A question that needs to be asked at the beginning of every Finite Element analysis is how to set a mesh size.  Manually setting and refining a mesh is tedious and time consuming. The trial and error involved can easily zap an engineer’s productivity. This is a problem, as an engineer’s time could be better spent making important design decisions as opposed to pre-processing their analysis.

Think of it: to manually mesh a design, engineers have to create a mesh, test it, determine areas of refinement (lines, nodes, and 2D spaces) and repeat until their errors are within spec.

“Engineers will typically ask us what mesh size to use. Truthfully, the answer depends on your design and experience. We can make rough suggestions but no mesh is perfect the first time around,” said Cyril Heck. Mr. Heck uses his civil engineering background to serve as Sales & Marketing Manager at Nemetschek Scia. “We want a fine enough mesh to give accurate answers, but not too fine as you don’t want a solution to take 10 hours.
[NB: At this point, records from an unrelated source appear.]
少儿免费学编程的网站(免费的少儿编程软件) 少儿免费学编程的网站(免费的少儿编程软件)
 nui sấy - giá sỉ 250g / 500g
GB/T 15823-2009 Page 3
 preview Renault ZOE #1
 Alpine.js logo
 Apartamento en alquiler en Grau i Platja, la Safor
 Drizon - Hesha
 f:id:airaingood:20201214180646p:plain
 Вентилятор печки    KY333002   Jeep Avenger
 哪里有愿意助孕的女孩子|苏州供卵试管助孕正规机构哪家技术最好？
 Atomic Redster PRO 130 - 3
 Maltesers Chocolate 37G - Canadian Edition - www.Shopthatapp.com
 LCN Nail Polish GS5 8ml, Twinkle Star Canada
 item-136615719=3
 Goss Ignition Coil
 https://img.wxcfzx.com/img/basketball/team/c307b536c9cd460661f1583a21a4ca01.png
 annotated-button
You need a good mesh that is precise where it needs to be but quick to run as well.”

The adaptive meshing in Scia Engineer solves this trial and error process by letting the software improve the mesh and add local refinements where necessary. For the tool to run, engineers input an acceptable error tolerance, a representative load case, and then let Scia Engineer do all the heavy lifting.

To better illustrate this process, let’s take a look at the practical example shown below.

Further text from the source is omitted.